Наталья Алексеевна начала подниматься по ступенькам.
– Я читаю ваши книги, стараюсь не пропустить телепрограммы с вашим участием, просматриваю информацию в Интернете и знаю про Ленинида Ивановича. Он теперь звезда телесериалов, востребованный артист.
– Да, у некоторых людей судьба складывается самым причудливым образом, – подхватила я. – Но давайте обойдемся без церемоний, зовите меня просто Виола.
– Боюсь, не смогу, – смутилась Кирпичева. – Вы звезда, а я кто? Когда мы по телефону разговаривали, я решила, что зять надо мной пошутить решил. Максим знает, как я вашими детективами увлекаюсь, а он компьютерщик, на всякие приколы мастер. Ну я и подыграла, сказала: «О! Буду счастлива встрече, конечно, приезжайте, жду». Но когда вы про Расторгуева заговорили, у меня просто шок случился… Разрешите угостить вас чаем? У нас пекут прекрасные ватрушки. Ой!
Наталья Алексеевна замерла, потом покраснела.
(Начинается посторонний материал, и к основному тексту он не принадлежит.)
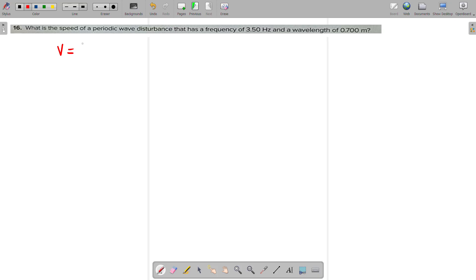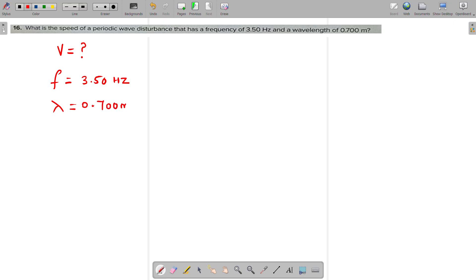What is the speed of a periodic wave? We are finding the speed of a periodic wave, v equals question mark. The wave disturbance has a frequency of 3.50 hertz and a wavelength lambda equal to 0.700 meter.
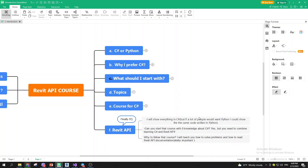Can you start this course with zero knowledge of C-sharp? Yes, but you need to combine learning C-sharp and Revit API almost simultaneously. What I did was find a topic I had no idea about — for example, interfaces. In C-sharp we have interfaces, and when I needed to deal with them in Revit API, I would first go learn about them in general, maybe create one to understand the ins and outs, and then implement them.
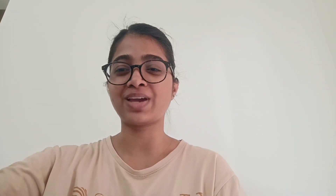Now let's go ahead with GitHub Actions interview questions. First: how do you implement a CI/CD pipeline using GitHub Actions? Explain how your workflow is stored in the .github/workflows folder as YAML files, what trigger events you use — push event, workflow dispatch, etc. — and what stages, jobs, and steps you've included in your pipeline.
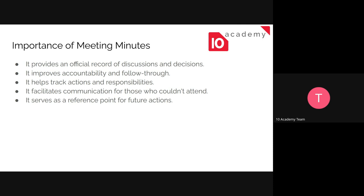They can also help in tracking actions and responsibilities. They can be looked at as guides of actions and responsibilities, just to show us who is responsible and what needs to be done. It also facilitates communication for those who didn't attend — it will help both the attendees and the people who were absent in the meeting, so they can just go through these minutes and have an idea about what was discussed.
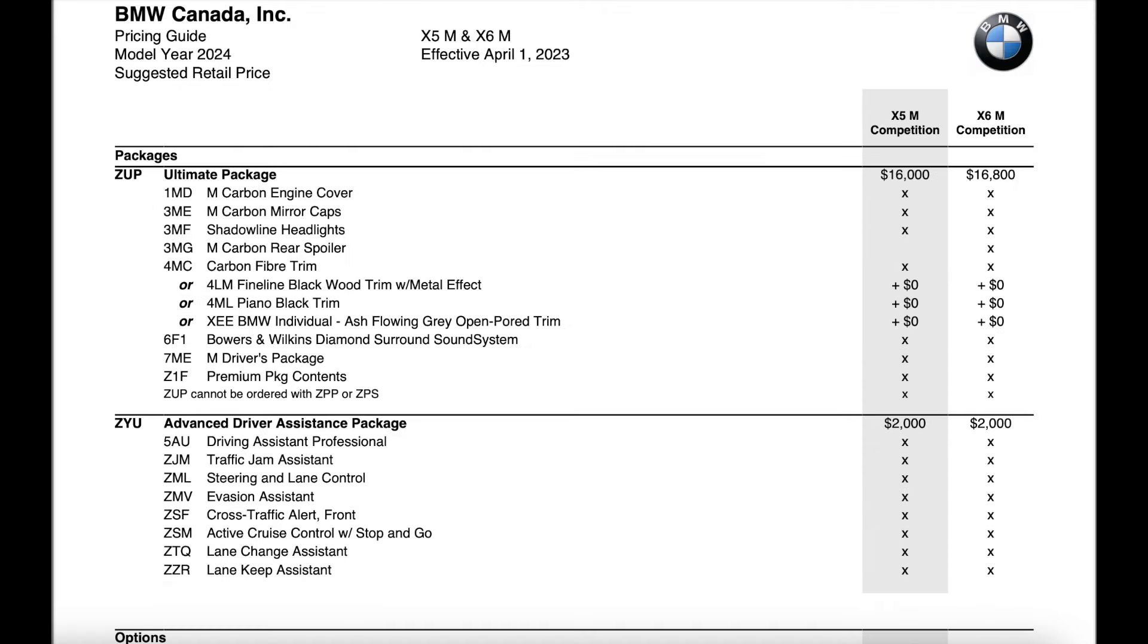Now moving on to the next page the ultimate package did also decrease by $750 just like the premium package. Looks like inside everything is the exact same with the new individual ash flowing gray open pour wood trim as an option on this one.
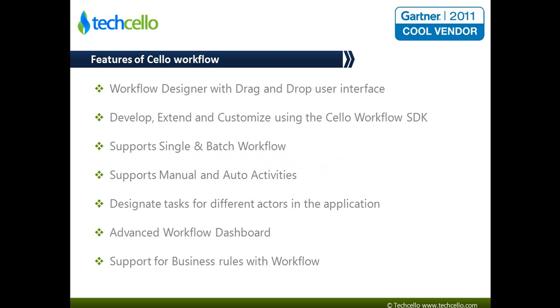Cello's workflow module allows the user to define a series of steps that can be orchestrated based on a set of parameters.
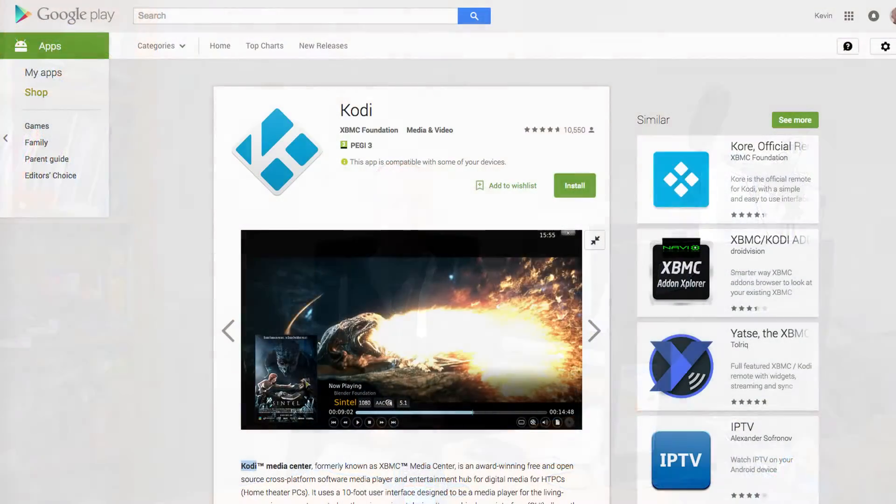But if you're looking for media software, I would certainly look at Kodi. You'll probably still recognize it or know it as XBMC. But Kodi is now on the Google Play Store, so if you've got an Android phone or an Android tablet, you can download it.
– Не подумайте, что мы крадем еду у стариков. Ольга Ивановна всегда делает выпечку и для сотрудников, в нашем учреждении воров нет, мы стараемся обеспечить своим подопечным достойные условия жизни. Здание старое, построено еще в царские времена как дом призрения, и спальни тут были, до того как Елена Сергеевна заведующей стала, огромные, в них помещалось по сорок коек. Кровати отгораживали ширмами! Представляете? А каково пожилому, часто болеющему человеку в казарме спать? Один храпит – остальные мучаются. Туалетов всего два было, душ вообще один. Говорят, прежний заведующий все ковры в кабинетах у чиновников истоптал, выпрашивая денег на ремонт, но, уж простите за грубость, фигу получил. А Леночка наша все перестроила. Теперь бабушки-дедушки каждый живут в отдельной спаленке с личным санузлом, с телевизором и холодильником. Комнатки пусть и небольшие, но зато без соседей. А если хочется пообщаться, можно пойти в гостиную или в библиотеку. У нас и спортзал есть, инструктор групповые занятия проводит, и танцевальные вечера устраиваем. Дай бог здоровья нашей заведующей!
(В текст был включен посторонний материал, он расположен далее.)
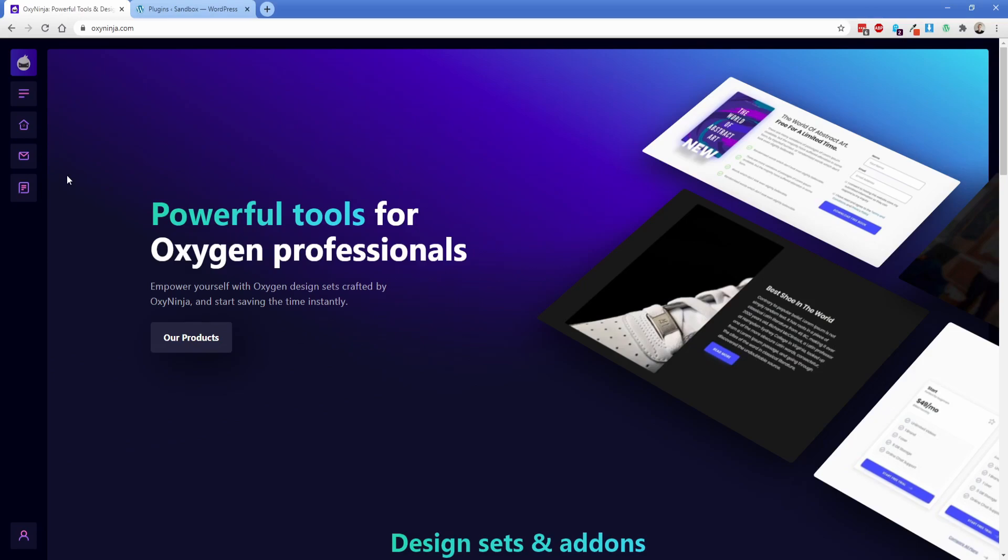Hey there and welcome to the first video in the OxyNinja video documentation series. My name is Jonathan from Permaslog and I'm going to show you how to get started with OxyNinja and take full advantage of the framework and the design sets. Today we're going to begin with the quick start guide.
Наталья Алексеевна вела меня по коридору, застеленному ковровой дорожкой.
– Как у вас чисто! – восхитилась я. – Картины, цветы, ковер, а не линолеум, и ничем противным не пахнет…
– Здесь работает большая команда уборщиц, – пояснила Кирпичева. И понизила голос: – Елена Сергеевна сестра очень богатого человека, ее брат и содержит интернат. Нам тут всем повезло. У сотрудников зарплата достойная, коллектив подобрался замечательный.
– Ваша заведующая Елена Сергеевна Реброва? – воскликнула я. – Я ее хорошо знаю, прекрасная женщина. Она младшая сестра хозяина издательства «Элефант».
– Как тесен мир, – покачала головой Кирпичева. – Вы хотели узнать, что я рассказала Расторгуеву? Зачем вам это? Или я неправильно вас по телефону поняла? Садитесь, пожалуйста, сейчас чайничек взбодрю.
Наталья Алексеевна забегала по комнате.
Я решила обойтись без длинных предисловий.
– После вашего отъезда из отеля «Нирвана» Андрей Борисович попросил сына Николая найти Веронику Борисову, дочь своей гражданской жены Галины. Коля не успел выполнить его просьбу, Расторгуев через пару дней скончался. Но я нашла Борисову. Она сменила паспорт, стала Верой Филипповой и, похоже, сильно ненавидела артиста. В спальне у Веры обнаружилась кукла-вуду, вся истыканная булавками, вместо лица у нее было фото Андрея Борисовича. Скорее всего, злое чувство зародилось в ее душе еще в детстве, когда актер сдал девочку в приют.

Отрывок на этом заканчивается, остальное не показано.